Eight children from Nunavut placed in unlicensed group homes in Alberta
CBC
The Nunavut government placed eight children under child services care in three unlicensed group homes in Airdrie, Alta., over the last year.
According to information obtained by Radio-Canada, the company managing those homes didn't have the proper facility-based childcare licences to accept the children, and the province wasn't informed of their presence in Alberta until months after their arrival.
Nunavut regularly sends children in care who have complex needs to provinces in the south when services are not available in the territory. That can include children who experience developmental, behavioural or mental health challenges, or those who live with severe disabilities.
In this case, Alberta asserts that Nunavut didn't follow the usual procedures established in Canada for this type of interprovincial placement.
Documents obtained by Radio-Canada show that eight vulnerable children were placed in three homes managed by Ever Bright Complex Needs Support Services (Ever Bright) in Airdrie while their Alberta Children's Services permits weren't active.
Alberta's Ministry of Children's Services confirmed Ever Bright asked for their permits to be rescinded four months before the children's arrival.
Margaret Nakashuk, Nunavut's minister of Family Services, wasn't available for comment.
Her deputy minister, Yvonne Niego, said she wasn't aware Ever Bright's permits were cancelled until Radio-Canada told her about the situation Friday. A spokesperson from Alberta Children's Services wrote to Radio-Canada that information "was communicated to Nunavut multiple [times] that Ever Bright no longer held a licence with the province, and therefore child placement was unauthorized in Alberta."
Niego said measures are being taken to remove the children from the Ever Bright homes. She added inspections done by Nunavut officials in February showed no children were at immediate risk.
The executive director of Ever Bright, Bright Adelegan, confirmed Friday that seven of the eight kids were still under his care.
Adelegan founded and manages Ever Bright Complex Needs Support Services. He denies that the permits for his care homes were not valid when the young Nunavummiut arrived at his group homes.
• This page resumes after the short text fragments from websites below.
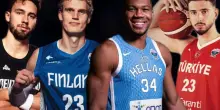 Eurobasket, quattro in fuga per la vittoria: Wagner, Markkanen, Antetokounmpo e Sengun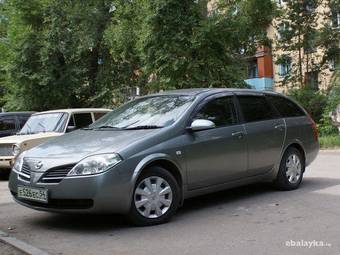 2003 Nissan Primera Wagon Photos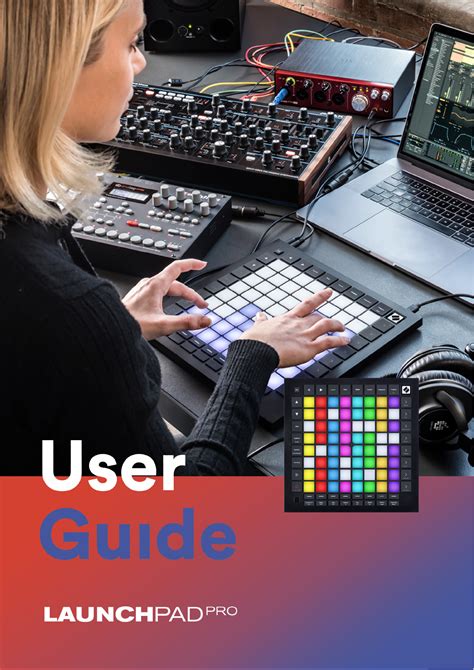 Mode D Emploi Novation Launchpad Pro Mk Fran Ais Des Pages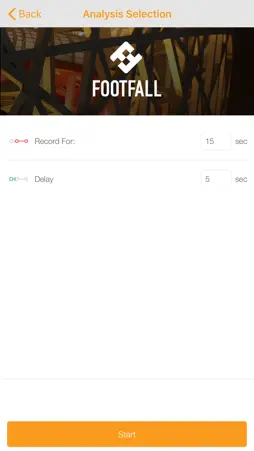 Arup Footfall screenshot 2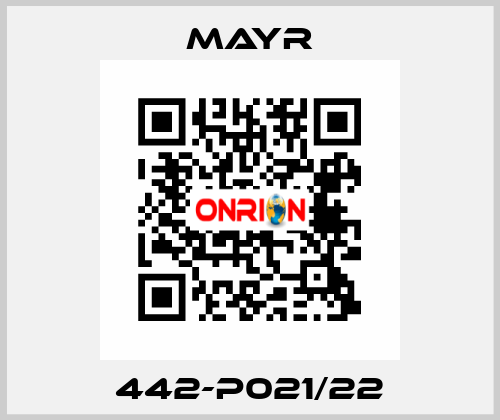 442-P021/22 Mayr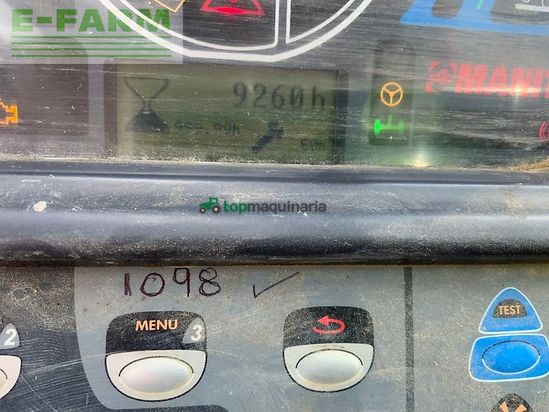 Telescopica - Manitou - mlt 840-137.ps telehandler (st26267)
This wasn't the first time Ever Bright hosted children from Nunavut Family Services.
Adelegan stated that he had to send a group of children back to Nunavut in Spring 2022 because he wasn't able to enrol them in a school in Alberta.
According to Alberta Child Services, that's when the office in charge of allocating licences received a request from Ever Bright to cancel its permit, as the company no longer had children under its care at the two addresses for which it had obtained a permit.